We repeatedly are told that we live in an age of austerity, where sacrifices must be shared as much of the world comes to grips with the excesses of the past. From Greece, Ireland, Portugal and Spain to the UK and US, few countries can expect to be spared the tough decisions ahead.

The world of private equity real estate fundraising is no different. After two years of minimal LP activity in the US, particularly in terms of new commitments to value-added and opportunistic vehicles, it is clear to see that real estate fundraising has entered its own age of austerity as investors scrutinise every investable cent like never before. As GPs look ahead to 2011, they understand only too well that commitment levels over the next 10 months are unlikely to double, triple or quadruple from the roughly $25 billion of equity raised last year.

Zoe Hughes

Despite the prevalence of such a frugal philosophy, a handful of fund sponsors are preparing to launch multi-billion dollar investment vehicles this year, targeting equity hauls equal to or just shy of their predecessor funds. The Blackstone Group is perhaps the most notable of the group, revealing on an earnings call in February that it would target around $10 billion for its forthcoming Blackstone Real Estate Partners (BREP) VII. According to sources, that fund could come to market in the second half of 2011.

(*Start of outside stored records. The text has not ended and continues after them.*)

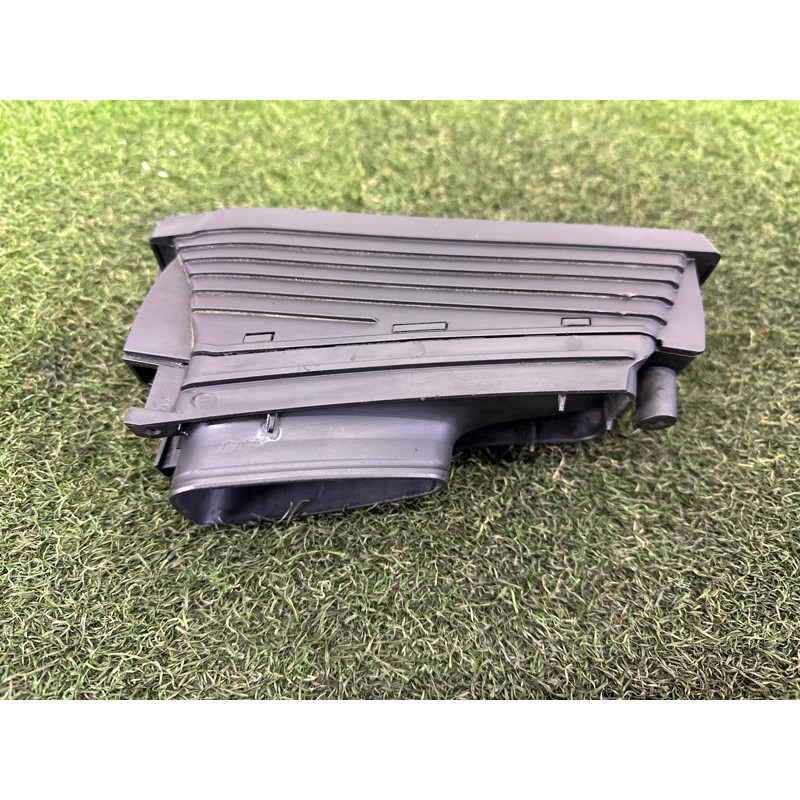 Повітрозабірник (подача палива) AUDI A8 D4 2011 4.2 CDRA 4H0129627P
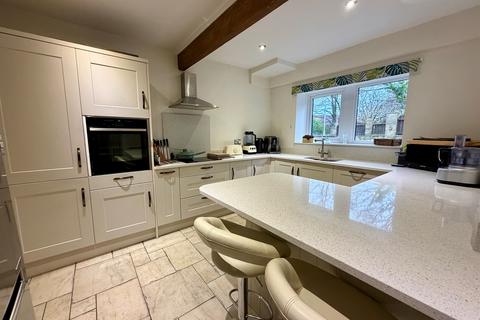 4 bedroom detached house for sale, Grimescar Road, Huddersfield
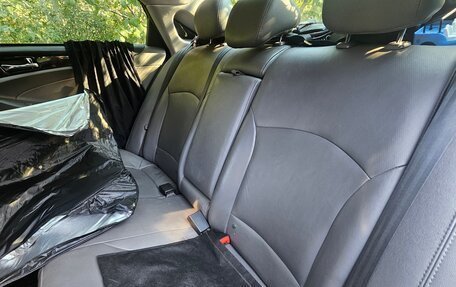 Hyundai Sonata VI, 2012 год, 1 300 000 рублей, 9 фотография
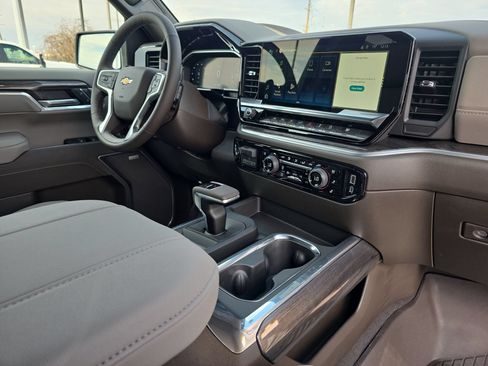New 2026 Chevrolet Silverado 1500 LTZ w/ Technology Package AWD/4WD image 17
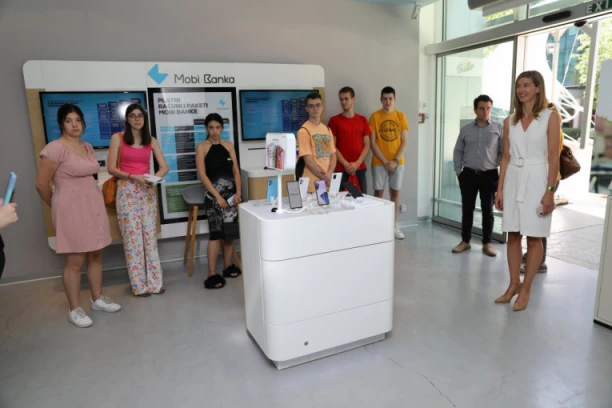 Mobi Banka awarded high school graduates of generation: 500,000 dinars for future students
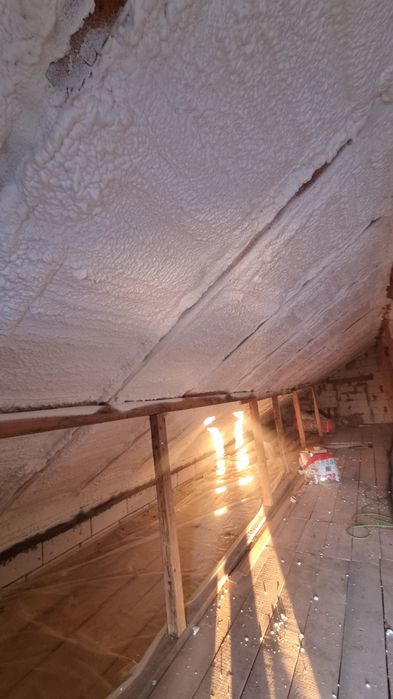 Termoizolatie cu Spuma Poliuretanica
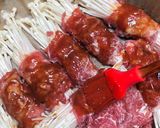 Foto langkah ke 3 dari resep Beef Enoki saus barbeque.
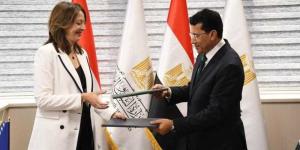 وزير الشباب يشهد توقيع مذكرة تفاهم بين مصر والبوسنة والهرسك في مجال الشباب - الأول نيوز
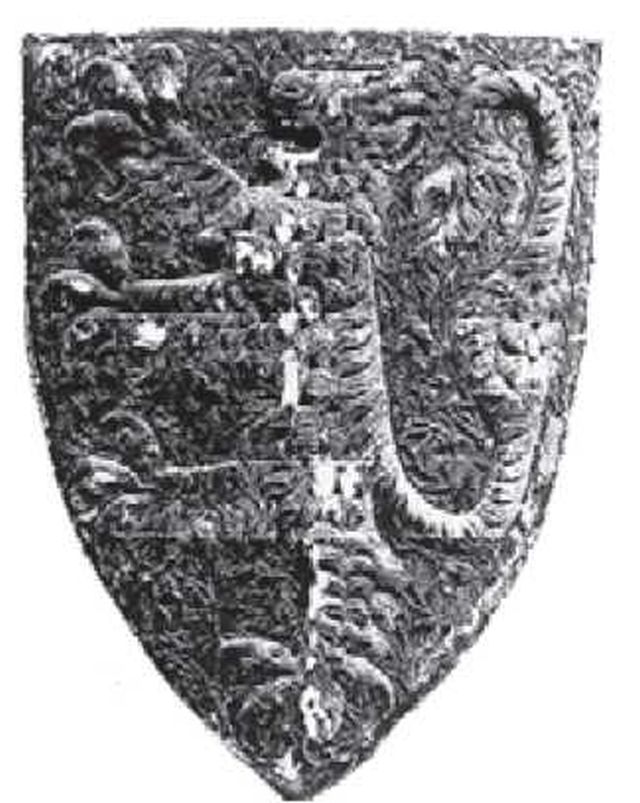 Щит ландграфа Гессенского Генриха I. 1290 — 1300 гг. Короткий треугольный щит указывает на распространение развитой защиты ног в этот период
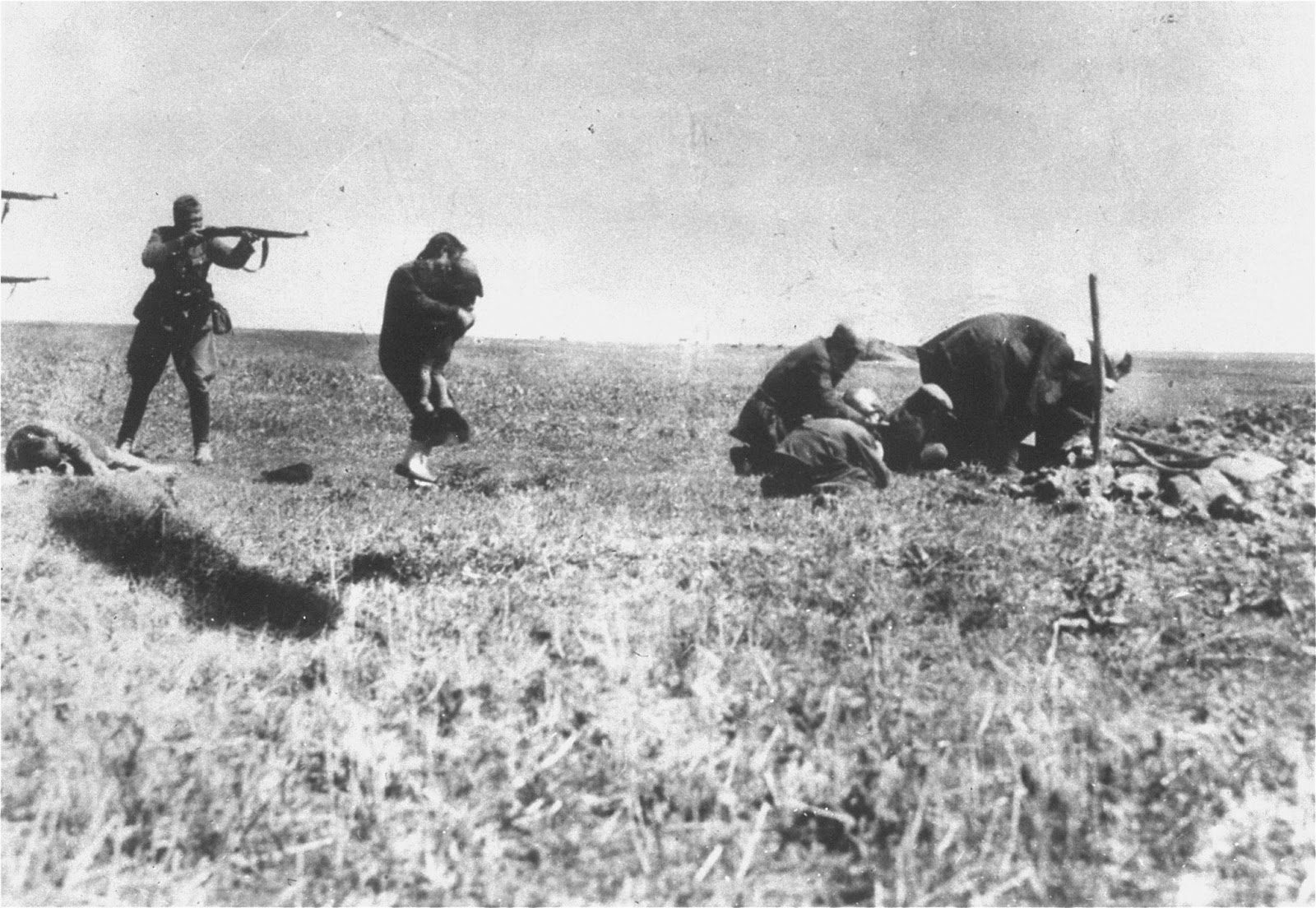 EXECUTIONS+OF+KIEV+JEWS+BY+GERMAN+ARMY+MOBILE+KILLING+UNITS,+1942.jpg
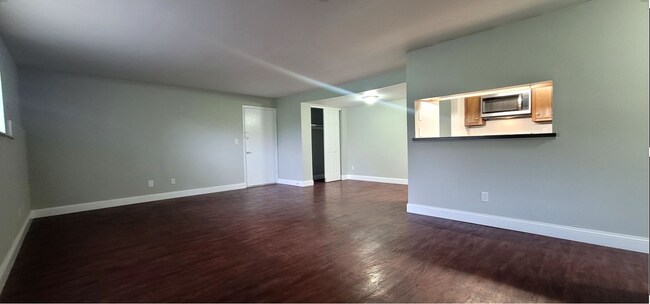 Foto del edificio - Beautiful Two Bedroom One Bath Apartment Home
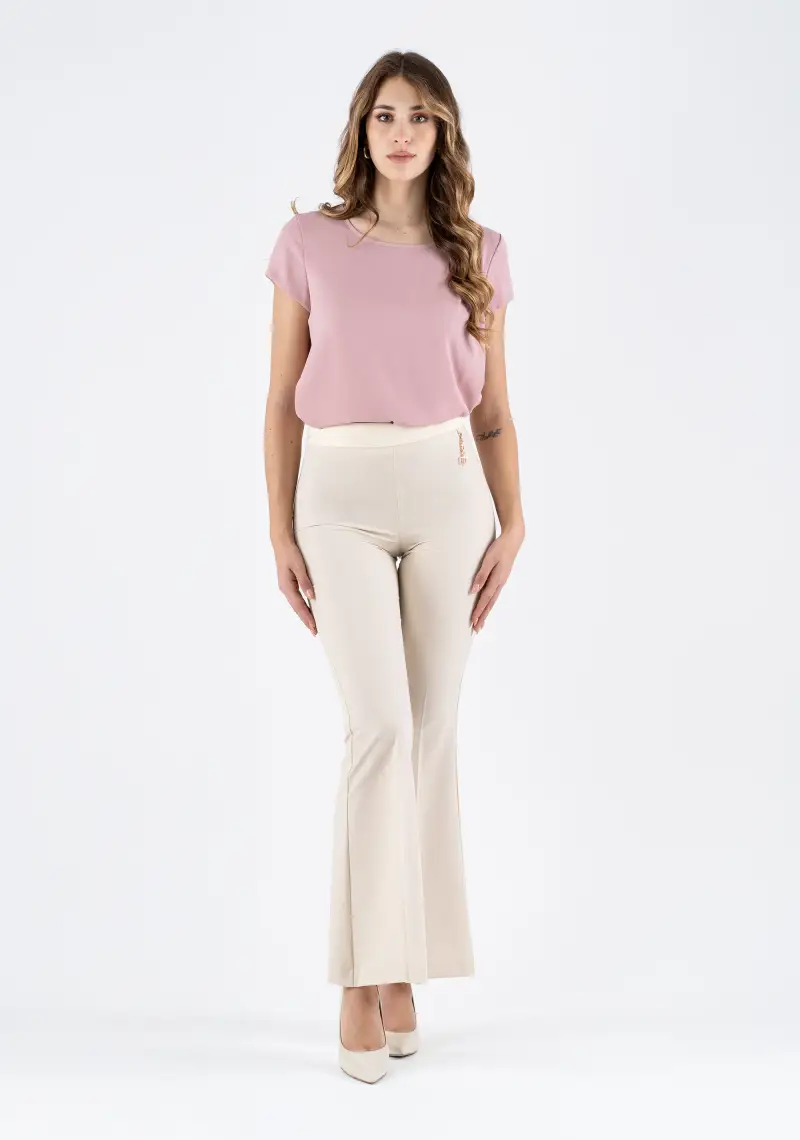 Pantalone a zampa vita alta con taglio fasciante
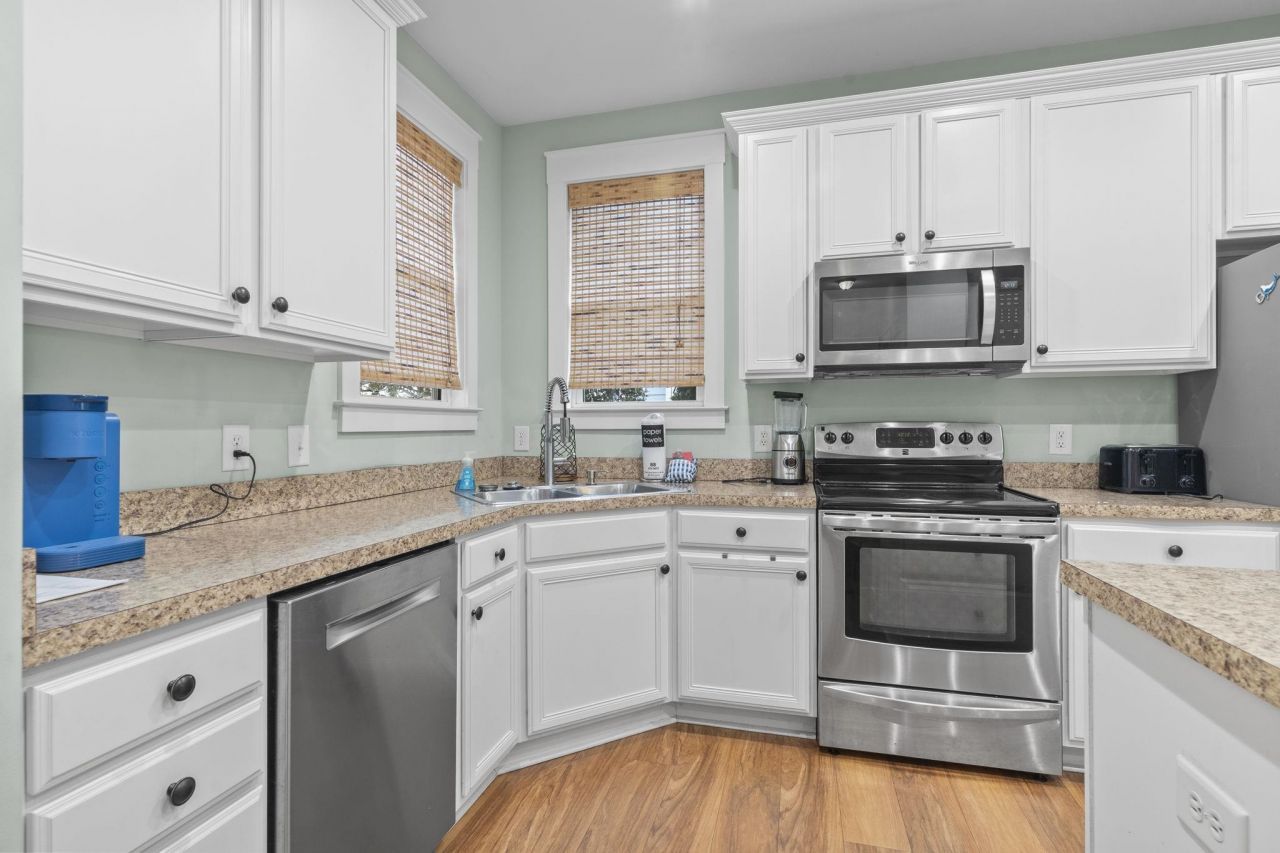 4918 Old Appleton Way Photo 15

However, given the increasingly puritanical nature of LPs in terms of fund commitments, can such targets actually be realised?

When Lone Star launched fundraising efforts for its second dedicated real estate vehicle in early 2009, the Fort Worth, Texas- based firm set an ambitious target of $10 billion – up from the $2.5 billion garnered for its debut property fund. By the summer of 2010, that target had been lowered to $4 billion, with a hard cap of $5 billion, while the firm’s fee structures and governance procedures were made more “LP friendly”, according to the documents of two US pension plans. Should it meet expectations for a final close on $4.2 billion this May, Lone Star will have succeeded in raising one of the largest commingled real estate fund of the post-Lehman Brothers era during two exceptionally brutal fundraising years. Despite that achievement, it would be easy to call Lone Star’s experience “wounding”, as one advisor put it.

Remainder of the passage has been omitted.